Information given:
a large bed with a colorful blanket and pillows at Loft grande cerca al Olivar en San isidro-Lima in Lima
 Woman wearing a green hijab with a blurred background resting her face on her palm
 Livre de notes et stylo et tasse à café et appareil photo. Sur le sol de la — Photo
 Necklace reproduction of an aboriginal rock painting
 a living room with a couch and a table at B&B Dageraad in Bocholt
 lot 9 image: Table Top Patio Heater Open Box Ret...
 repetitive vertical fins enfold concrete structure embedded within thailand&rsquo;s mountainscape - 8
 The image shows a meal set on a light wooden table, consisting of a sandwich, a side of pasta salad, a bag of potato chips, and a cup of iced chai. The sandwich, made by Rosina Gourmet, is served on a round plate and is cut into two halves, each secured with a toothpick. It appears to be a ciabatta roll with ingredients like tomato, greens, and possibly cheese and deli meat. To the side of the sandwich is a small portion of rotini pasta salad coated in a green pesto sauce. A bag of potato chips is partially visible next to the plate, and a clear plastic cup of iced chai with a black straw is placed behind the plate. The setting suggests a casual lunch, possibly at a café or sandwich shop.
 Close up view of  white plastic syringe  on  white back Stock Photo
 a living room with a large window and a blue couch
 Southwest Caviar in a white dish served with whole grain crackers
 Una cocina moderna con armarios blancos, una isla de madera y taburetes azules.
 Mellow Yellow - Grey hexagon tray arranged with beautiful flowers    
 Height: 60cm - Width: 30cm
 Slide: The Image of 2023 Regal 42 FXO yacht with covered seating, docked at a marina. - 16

About this exercise:
Look above for the line that contains "Livre de notes". Starting there, transcribe every line exactly until you have copied the line that contains "repetitive vertical fins".

Result below:
 Livre de notes et stylo et tasse à café et appareil photo. Sur le sol de la — Photo
 Necklace reproduction of an aboriginal rock painting
 a living room with a couch and a table at B&B Dageraad in Bocholt
 lot 9 image: Table Top Patio Heater Open Box Ret...
 repetitive vertical fins enfold concrete structure embedded within thailand&rsquo;s mountainscape - 8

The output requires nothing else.